Kurt Egloff: Es ist nicht so, dass alles völlig neue Modelle sind. Zum Teil gibt es neue Modellzyklen, die wieder anlaufen. Ich glaube, dass es wichtig ist, dass die Kunden ihren Bedürfnissen entsprechend abgeholt werden – und ich bin überzeugt, dass wir damit individuelle und attraktive Produkte anbieten. Dass wir heute weltweit der erfolgreichste Premium-Hersteller sind, verdanken wir unter anderem auch unserer offensiven Modellpolitik. Wir können heute mit unserem umfangreichen Angebot fast jeden Kundenwunsch erfüllen. Natürlich: Die Vielfalt nimmt zu, aber auch für unsere Händler hat das Vorteile, denn mit neuen Angeboten erreichen wir auch neue Kunden.

Sie haben viele verschiedene Modelle, doch die meisten ähneln sich von der Optik her stark. Besteht bereits zu große Verwechslungsgefahr?

Egloff: Wir wollen die Wiedererkennbarkeit von BMW-Modellen gegenüber der Konkurrenz in den Vordergrund stellen. Sicher ist es nicht immer ganz einfach, bestimmte Modelle von Unterreihen zu unterscheiden – das ist eine Gratwanderung. Es kann durchaus sein, dass der Kunde von vorne oder von hinten manchmal Mühe hat, ein Fahrzeug zu bestimmen. Uns ist aber wichtiger, dass der Kunde unsere Marke nicht mit einem Konkurrenten verwechselt.

Sie haben nicht nur neue Baureihen, sondern führen gerade massiv neue Technik ein: etwa Elektroantrieb, Plug-in-Hybridantrieb und Dreizylinder-Verbrennungsmotoren. Und dann gibt es auch den neuen Fokus auf Frontantrieb. Verzetteln Sie sich?

Egloff: Was den Frontantrieb anbelangt, so kennen wir den bereits von MINI. In den unteren Segmenten stellt diese Antriebsart eine Notwendigkeit dar. Für unsere Kunden ist es absolut nachvollziehbar, dass wir im Bereich der 1er-Reihe und der 2er-Reihe auch einen neuen Weg gehen. Außerdem bieten wir hier auch xDrive an: Der Kunde hat also immer die Option auf ein Allradsystem.

Und warum macht sich BMW für Dreizylinder stark?

Egloff: Diese neuen Triebwerke sind ein wichtiger Bestandteil unserer „EfficientDynamics“-Strategie. Wir verfolgen damit das Ziel, den Verbrauch und den CO2-Ausstoß weiter zu reduzieren – und das bei gleichbleibender Performance. Unsere Kunden nehmen das sehr positiv auf. Und dass man damit auch enormen Fahrspaß erleben kann, zeigt sehr eindrucksvoll der Dreizylinder-Motor im neuen i8 – er leiste­t 231 PS und das bei einem äußers­t geringen Treibstoffverbrauch.

Da der i8 gerade in den Handel kommt – wie läuft es mit dem Projekt „i“ in Österreich?
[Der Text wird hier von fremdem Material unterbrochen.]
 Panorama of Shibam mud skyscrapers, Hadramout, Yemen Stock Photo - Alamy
Egloff: Es ist sehr gut angelaufen. Wir sind extrem stolz auf die Entwicklung, da wir schon über 300 i3 auf Österreichs Straßen haben. Und zudem sind ca. 100 Bestellungen noch offen. Damit haben wir einen enormen Anteil an allen verkauften Elektrofahrzeugen in Österreich. Der i8 wird ebenfalls sehr positiv aufgenommen. Wir sind bereits bei einigen Monaten Lieferzeit, daher versuchen wir im Moment auch noch zusätzliche Fahrzeuge zu bekommen.

Der i8 ist ein Plug-in-Hybrid – folgen weitere Modelle mit dieser alternativen Antriebsart?
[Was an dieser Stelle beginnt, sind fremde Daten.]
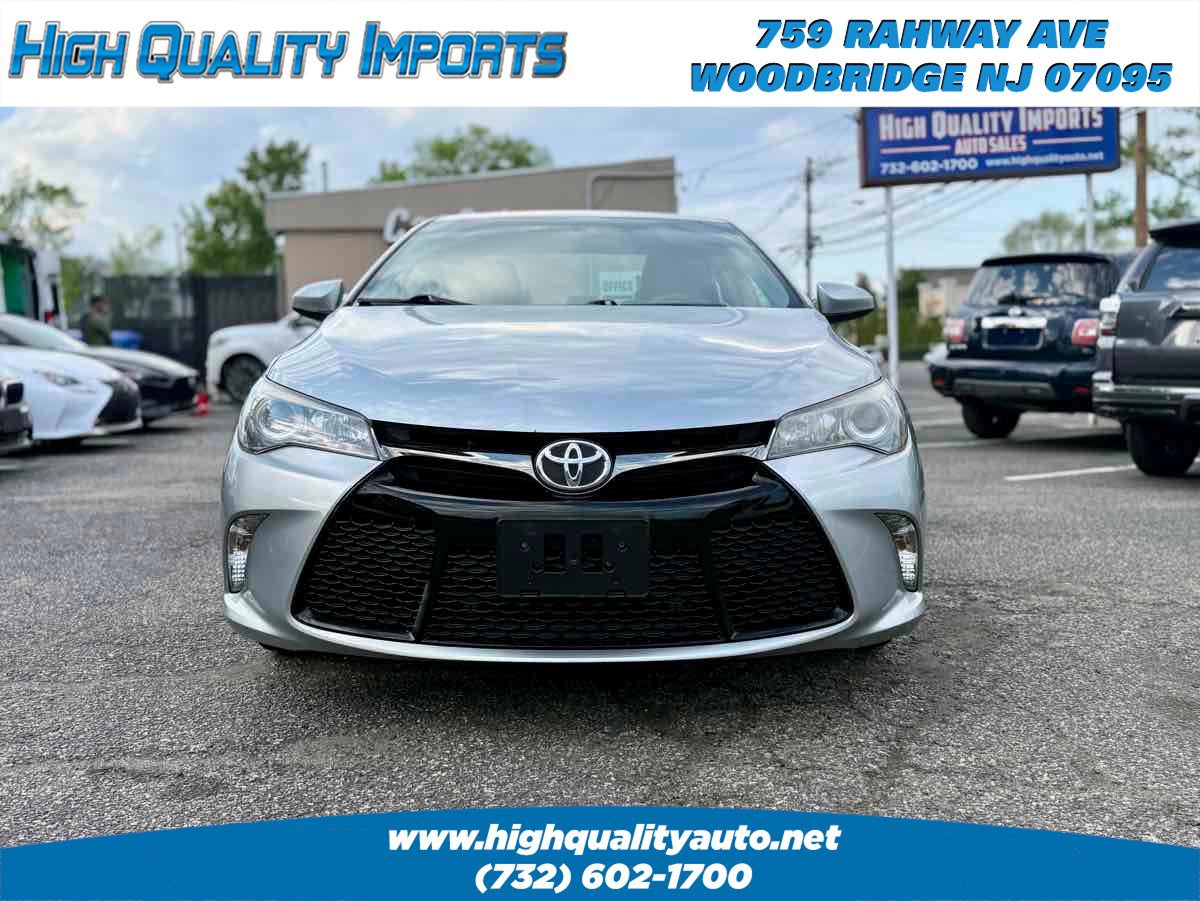 Used 2017 Toyota Camry SE FWD image 2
Egloff: Die Elektrifizierung wird ein wichtiger Teil unserer zukünftigen Antriebsstrategie sein.

Der österreichische Gesamtmarkt befindet sich im Abschwung – wie wird es BMW heuer ergehen?
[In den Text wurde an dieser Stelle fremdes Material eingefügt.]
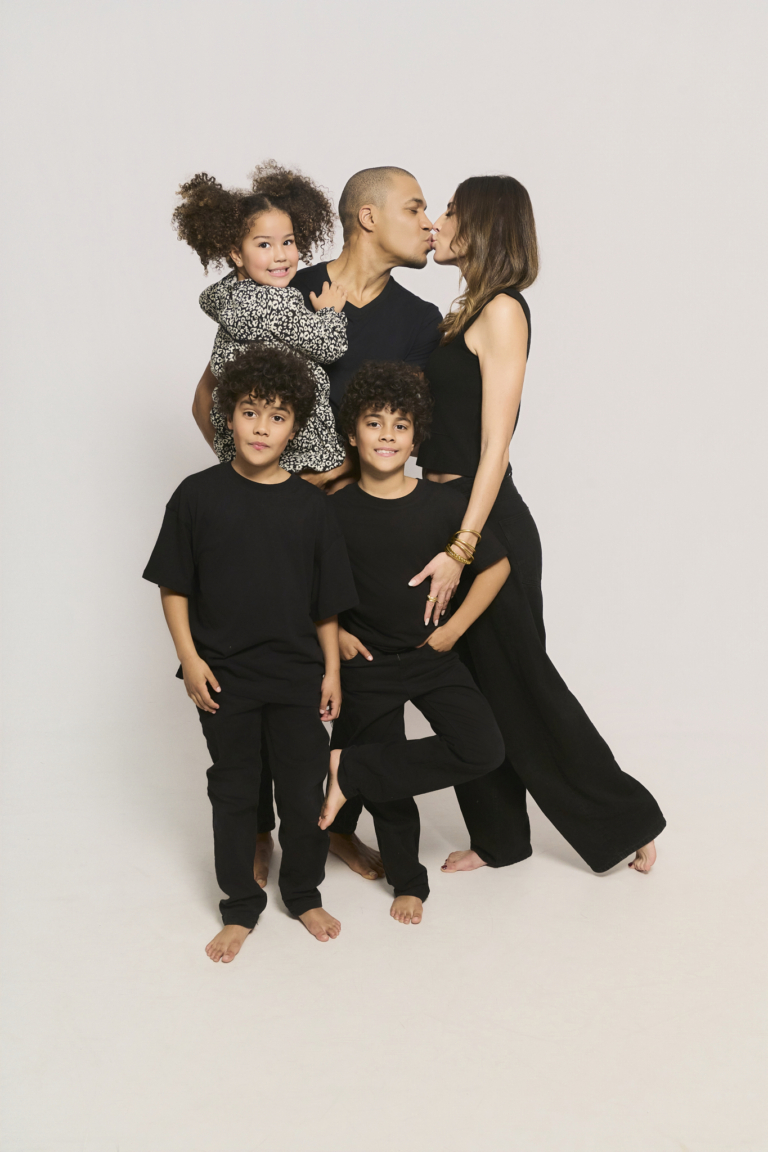 Sara con amigas en YOULO self-photo studio — regalo día de la madre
Egloff: Ich glaube, dass sich der Gesamtmarkt ähnlich entwickeln wird wie im Jahr 2013. Wir haben aber nach wie vor das Ziel, das sehr erfolgreiche Jahresergebnis 2013 erneut zu erreichen oder sogar besser abzuschneiden. Vor allem marktanteilsmäßig wollen wir weiter wachsen, hinsichtlich des Volumens werden wir sehen.